Ma come hai reagito alla vittoria?
“La serata finale era organizzata in maniera tale che le canzoni ancora in gara arrivarono prima a dodici, poi a sei, e c’erano la Fratello e Angela Luce, molto sostenuta dal pubblico in sala, quindi ho pensato che avrebbe vinto una di loro due; difatti dopo la mia ultima esibizione sono rientrata di corsa nei camerini a cambiarmi perché l’abito che indossavo era troppo pesante. Poi ad un certo punto, improvvisamente, un giornalista venne a bussare e a chiamarmi per risalire sul palco perché avevo vinto!
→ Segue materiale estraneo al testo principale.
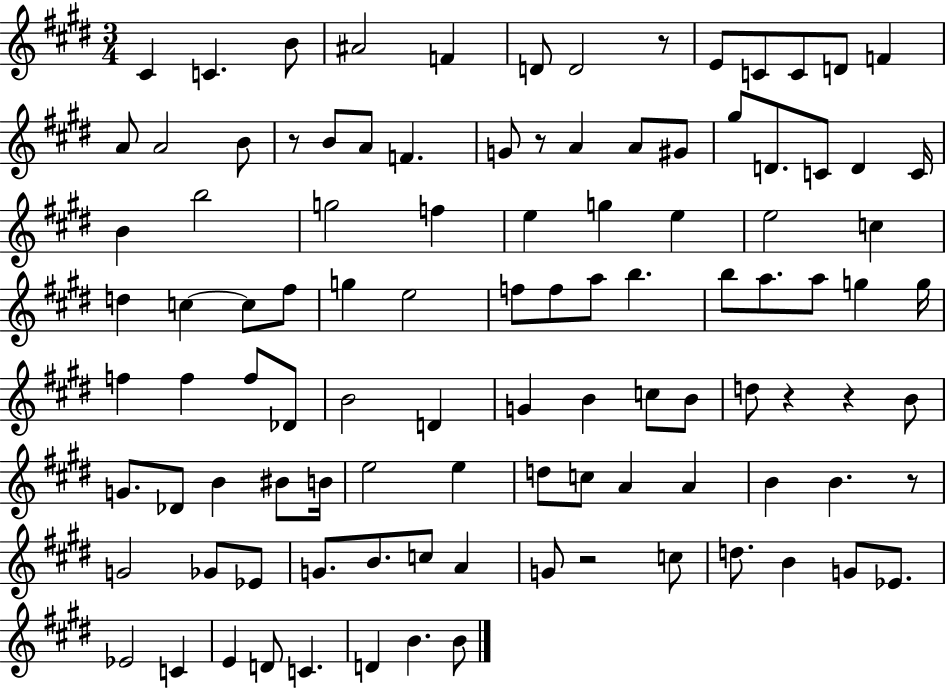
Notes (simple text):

C#4/q C4/q. B4/e A#4/h F4/q D4/e D4/h R/e E4/e C4/e C4/e D4/e F4/q A4/e A4/h B4/e R/e B4/e A4/e F4/q. G4/e R/e A4/q A4/e G#4/e G#5/e D4/e. C4/e D4/q C4/s B4/q B5/h G5/h F5/q E5/q G5/q E5/q E5/h C5/q D5/q C5/q C5/e F#5/e G5/q E5/h F5/e F5/e A5/e B5/q. B5/e A5/e. A5/e G5/q G5/s F5/q F5/q F5/e Db4/e B4/h D4/q G4/q B4/q C5/e B4/e D5/e R/q R/q B4/e G4/e. Db4/e B4/q BIS4/e B4/s E5/h E5/q D5/e C5/e A4/q A4/q B4/q B4/q. R/e G4/h Gb4/e Eb4/e G4/e. B4/e. C5/e A4/q G4/e R/h C5/e D5/e. B4/q G4/e Eb4/e. Eb4/h C4/q E4/q D4/e C4/q. D4/q B4/q. B4/e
Ero sorpresa e incredula nel camerino entra mia mamma che mi chiede: ma è vero!? Ed io rispondo: vado a vedere”.
Molti ritengono ingenerosamente che quella del 1975 sia stata l’edizione più brutta di Sanremo, invece va sicuramente riconosciuto che questa manifestazione ci restituisce una panoramica del mondo musicale degli anni ’70, migliore e di certo più completa di tante altre edizioni di maggior successo.Il colpo di grazia al Festival del venticinquennale lo diede però, già come negli anni precedenti, ancora una volta la Rai: purtroppo, la trasmissione televisiva presentata in diretta dal Casinò da Mike Bongiorno con Sabina Ciuffini, viene interrotta prima della proclamazione della vittoria di Gilda che si conosce quindi solo nel corso del telegiornale della notte. Il canale Nazionale non si collega nuovamente con il Casinò neanche per la ripetizione della canzone vincitrice.
Quattro anni dopo un altro biellese, Mino Vergnaghi, originario di Trivero, trionfa questa volta al Teatro Ariston nel 1979 con il brano “Amare”. “Un altro bellissimo ricordo è quello della festa che qualche giorno dopo la mia vittoria organizzarono a Masserano, al Palazzo dei Principi, c’era tutto il paese con il sindaco in testa ad accogliermi”. Ed aggiunge: il Festival lo guardo sempre con piacere ed attenzione, sono stata la prima cantautrice a vincerlo e questa è una grande soddisfazione, e poi mi vedrete presto in tv per raccontare la mia storia”.